*ASSIGNED TASK*. Every line of the listing is returned unchanged, and every picture is dropped.

::: COLLECTED DATA :::

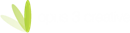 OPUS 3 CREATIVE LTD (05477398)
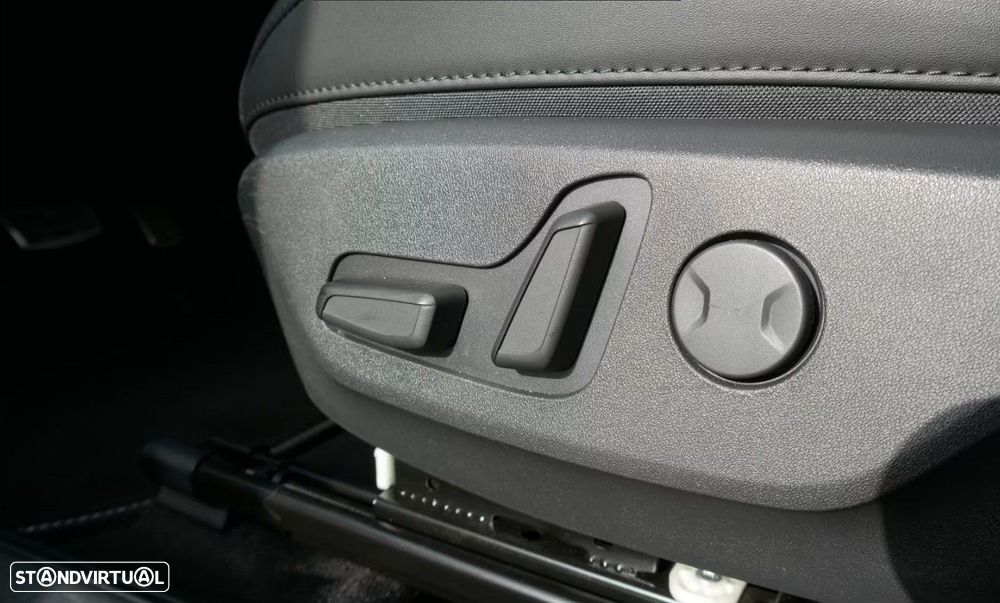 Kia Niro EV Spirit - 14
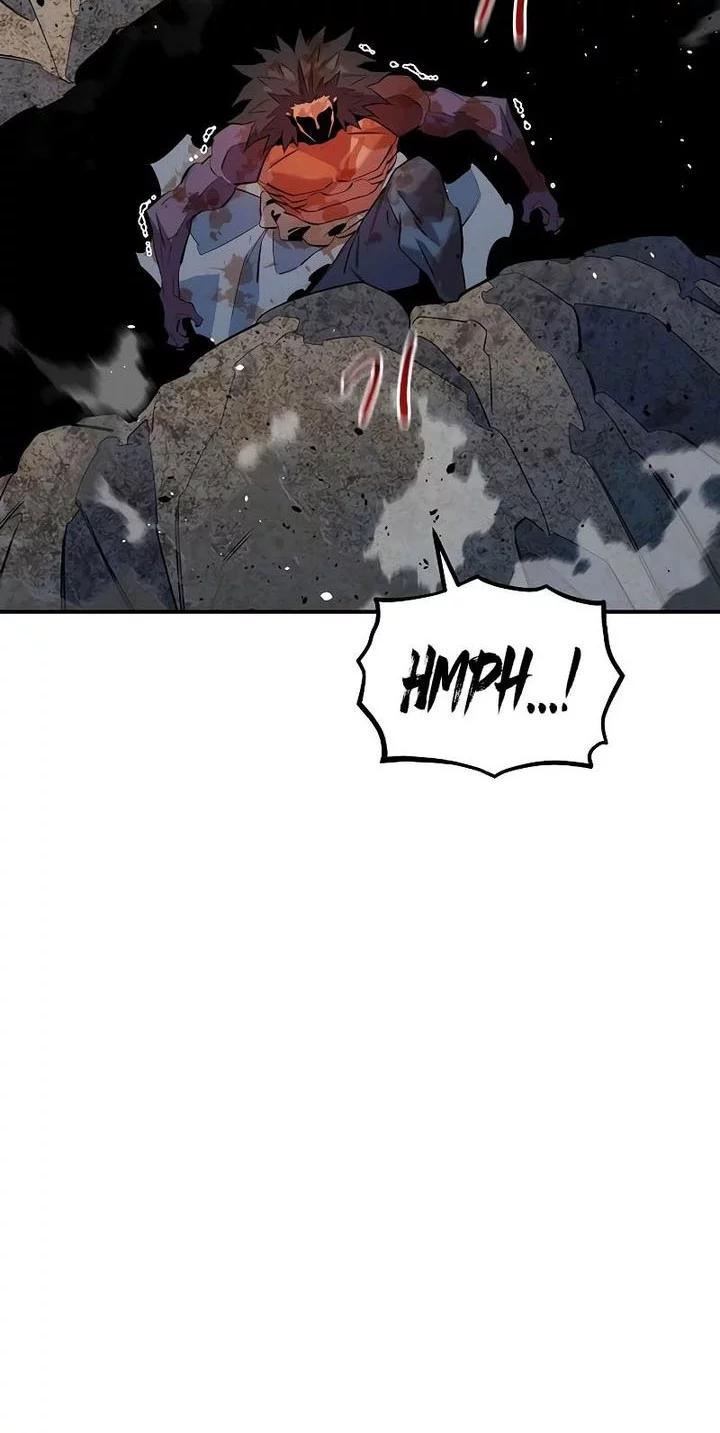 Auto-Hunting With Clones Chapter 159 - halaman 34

:::

*EXPECTED ANSWER*.
 OPUS 3 CREATIVE LTD (05477398)
 Kia Niro EV Spirit - 14
 Auto-Hunting With Clones Chapter 159 - halaman 34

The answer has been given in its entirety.